Pernahkah ketika hari menjelang malam, ketika akan menutup
mata, kita sempatkan mengingat dan
menghitung-hitung perbuatan kita selama
hari ini? “Apa tindakan buruk hari ini? Siapa saja yang aku sakiti hari ini? Dan apa kebaikan yang
telah aku lakukan hari ini?”
Demikian itulah yang dilakukan
para sahabat Nabi. Mereka tidak
pernah menutup malamnya kecuali telah melakukan muhasabah.
Menjelang wafatnya, Abu
Bakar memanggil putrinya Aisyah, lalu
ia berkata, “Sesungguhnya semenjak kita menangani urusan kaum Muslimin, tidak pernah makan dari (dinar dan dirham) mereka. Yang kita makan adalah makanan yang keras dan sudah rusak.” (HR. Ahmad).
Demikianlah Abu Bakar menghisab
dirinya sendiri. Bahkan sahabat utama
Nabi itu tidak memperkenankan Aisyah mengambil apa yang dimiliki Abu Bakar. Semuanya diminta untuk diserahkan kepada Umar bin Khattab sebagai khalifah selanjutnya.
Tentu, langkah Abu Bakar ini
sagat berat. Tetapi tatkala muhasabah
telah menjadi gaya hidup, tidak ada
yang lebih penting selain menyucikan
diri demi ridha Ilahi.
Abu Bakar dan sahabat Nabi
lainnya benar-benar serius menghisab
dirinya. Semua didorong hadits Nabi;
“Kedua kaki seorang hamba tidak akan bergeser pada hari kiamat sehingga ditanya tentang empat perkara: tentang umurnya, untuk apa dihabiskannya, tentang masa mudanya, digunakan untuk apa, tentang hartanya, dari mana diperoleh dan kemana dihabiskan, dan tentang ilmunya, apa yang dilakukan dengan ilmunya itu.” (HR. Tirmidzi).

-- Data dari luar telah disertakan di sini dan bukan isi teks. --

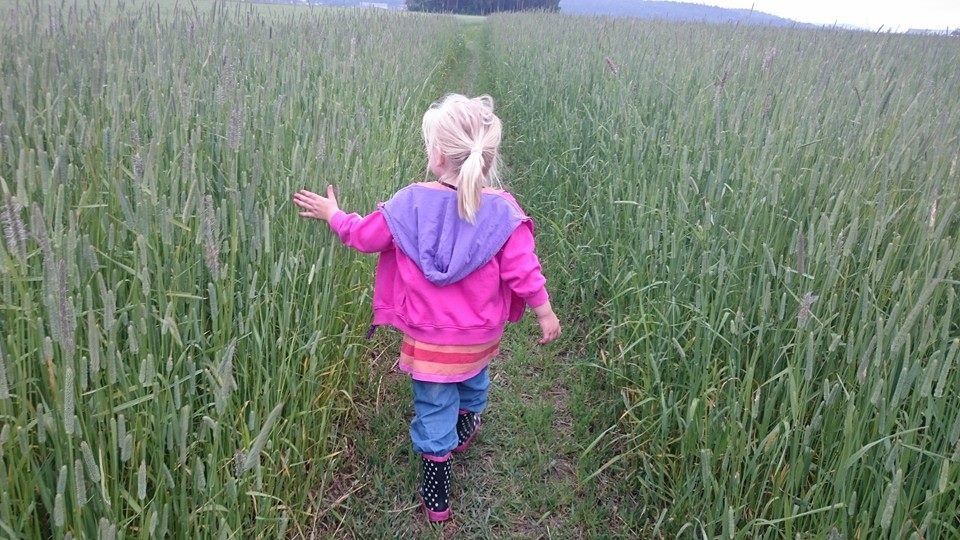Little girl walks in the green field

Umar bin Khattab sering mengingatkan
umat Islam untuk selalu melakukan
muhasabah diri. Perkataan beliau yang terkenal adalah “Hisablah diri (introspeksi) kalian sebelum kalian dihisab, dan berhias dirilah kalian untuk menghadapi penyingkapan yang besar (hisab). Sesungguhnya hisab pada hari kiamat akan menjadi ringan hanya bagi orang yang selalu menghisab dirinya saat hidup di dunia.”
Umar menganggap evaluasi
diri lebih dini akan menguntungkan
pada kehidupan kelak. Mengapa? Karena dengan mengevaluasi diri sendiri, manusia akan mengenali kekurangankekurangannya yang diharapkan
dapat diperbaiki sesegera mungkin.
Kondisi ini akan meminimalkan kesalahan sehingga tanggung jawab dalam kehidupan di akhirat nanti menjadi sangat ringan.
Baca juga:
Batas Istiqomah Menjadi Sebuah Karakter | YDSF
Cara Membentuk Karakter Baik pada Anak Menurut Islam | YDSF
Umar pernah menghukumi dirinya
dengan mengeluarkan sedekah berupa
tanah yang harganya 200.000 dirham karena luput dari shalat ‘Ashar secara berjamaah. Kebiasaan ini
berlanjut kepada anaknya, Ibnu ‘Umar.
Pernah suatu kali beliau luput dari
sholat berjamaah, ia mengganti dengan menghidupkan malam seluruhnya.
Ibnu Abi Rabi’ah
rahimahullah pernah luput dari dua
raka’at sholat Sunnah Fajar, untuk
tebusannya, ia membebaskan seorang budak.
Ibnu ‘Aun
rahimahullah pernah melakukan
kesalahan, Ketika ibunya
memanggilnya, ia menjawab dengan
suara keras. Ia pun membebaskan dua
orang budak.
Dalam pandangan Hasan Al-Bashri
muhasabah akan meringankan hisab di
hari akhir. Sebab, Allah tidak pernah melewatkan satu perbuatan pun melainkan telah tercatat di sisi-Nya. Jadi, sebagai apa pun dan di masa apa pun seorang muslim wajib melakukan muhasabah. Sebelum hari perhitungan benar-benar kita hadapi.
Bagaimana dengan kita?
Cara Muhasabah
Pertama, mengoreksi diri dalam hal wajib, apakah seluruh kewajiban telah kita jalankan dengan baik
atau masih ada kekurangan. Amal wajib
merupakan hal pertama yang harus diperhatikan, karena amal wajib adalah modal utama bagi seorang muslim untuk mencari ridho Allah.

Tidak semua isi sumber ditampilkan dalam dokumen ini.